The Bigger Picture. A Global and Australian Economic Perspective
Global: Business surveys and measures tracking the volume of activity suggest that the global economic upturn lifted a notch toward the end of last year and that trend seems to have continued into early 2017. After years of worrying about sub-target inflation or deflation, there are finally a few signs that price pressures are returning, but only mildly. Having worked for years to generate this upturn, the authorities should be reluctant to nip it in the bud and avoid tough budgetary measures or premature monetary tightening. We expect a moderate upturn in global growth that takes it back to its long-term trend level by 2018. China and India are still big drivers of global growth but there is also an important forecast lift in the US as President Trump’s fiscal agenda is pursued. One big risk hanging over this predicted upturn is that political events and policy U-turns see markets turn risk averse and business confidence erode.
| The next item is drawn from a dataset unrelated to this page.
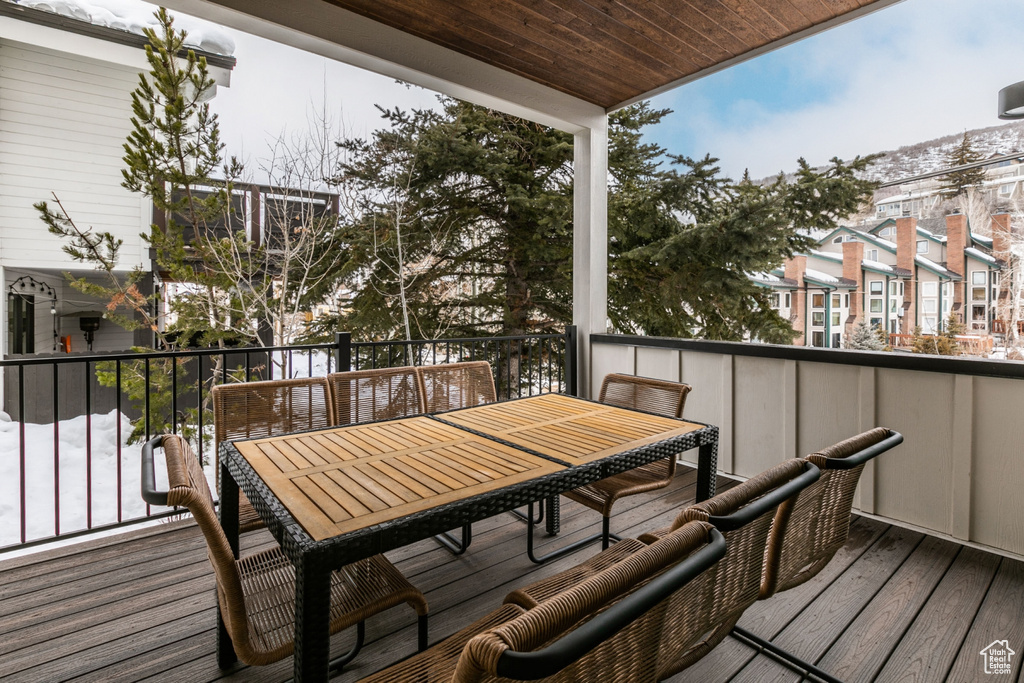 Wooden terrace with outdoor dining area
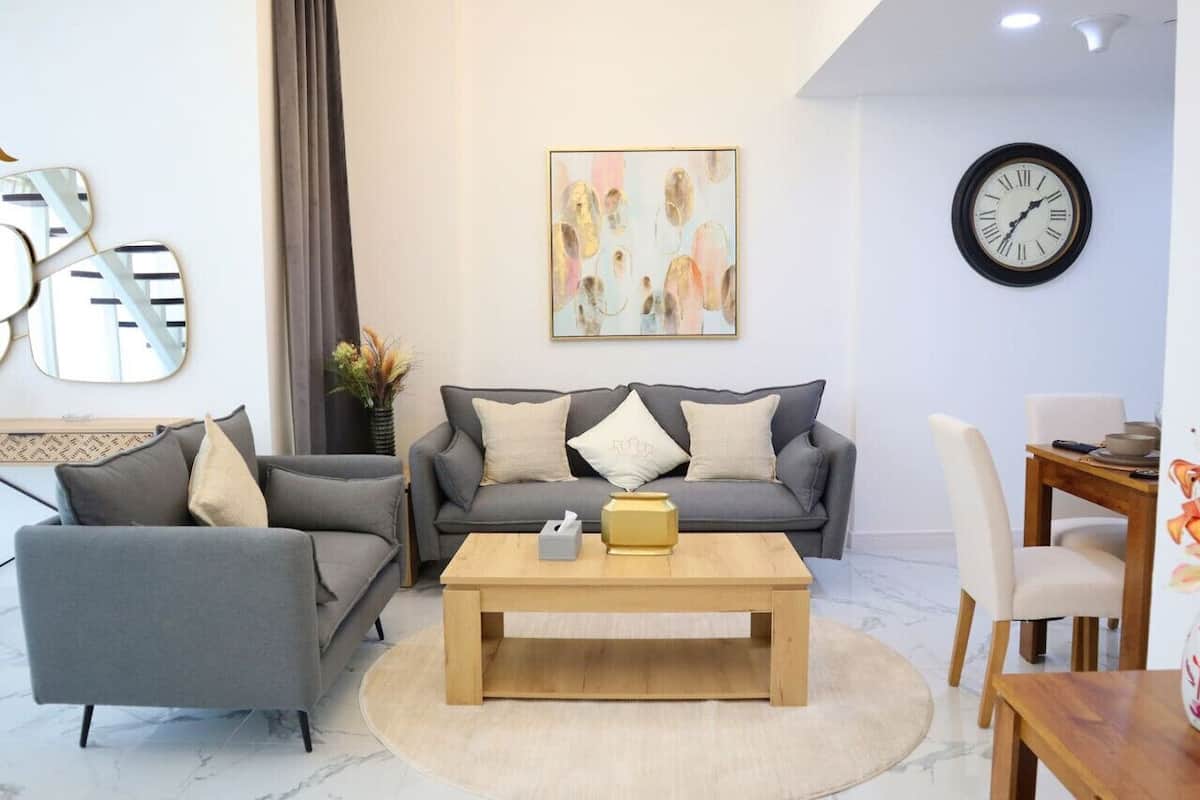 A modern living room with a grey sofa, a wooden coffee table, and a dining area with a wooden table and chairs.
Australia: A recent upturn in partial indicators suggests economic activity is likely to be solid as we enter 2017. Real GDP in Q4 2016 is likely to print at a strong 0.9%q/q, following the 0.5% q/q contraction in Q3. Momentum is expected to remain solid through 2017, which will keep the RBA on the sidelines this year – we no longer expect mid-year rate cuts. We do however remain concerned about the economy’s trajectory in 2018, as the contribution from residential construction, LNG exports and temporarily higher commodity prices fade and household consumption remains constrained by weak labour income growth. We now expect a 25 basis point cut to the RBA’s cash rate in November 2017 to 1.25% – necessary to help prevent the unemployment rate from rising and underlying inflation from undershooting the bottom of the target in 2018.